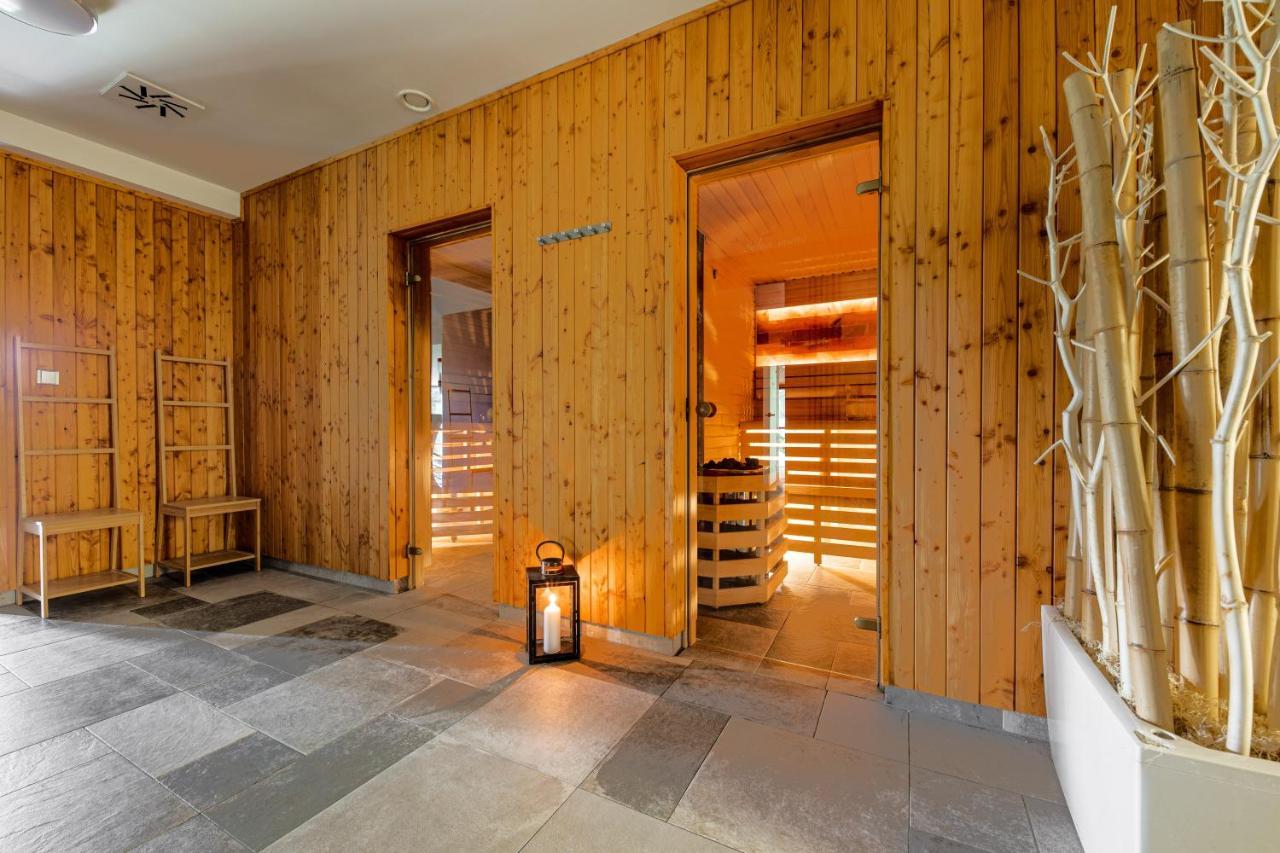 Wellness & Spa Hotel Villa Regenhart เยเซนิค ภายนอก รูปภาพ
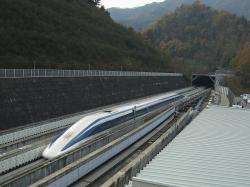 JR-Maglev (MLX01) v Japonsku. Kredit:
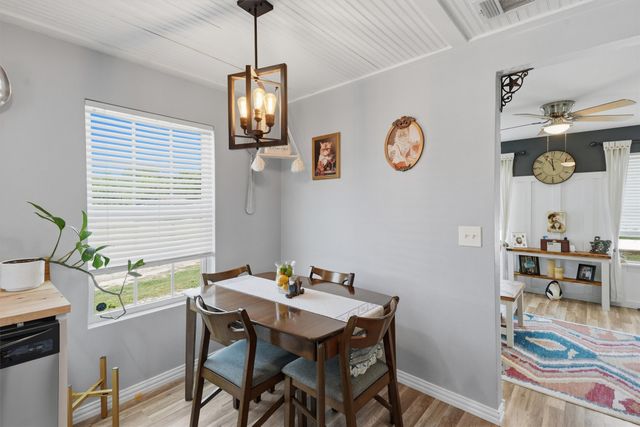 201 Spring Valley Circle, Azle, TX 76020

Task to complete: Transcribe all the lines above exactly; any image among them is skipped.

Written response:
 Wellness & Spa Hotel Villa Regenhart เยเซนิค ภายนอก รูปภาพ
 JR-Maglev (MLX01) v Japonsku. Kredit:
 201 Spring Valley Circle, Azle, TX 76020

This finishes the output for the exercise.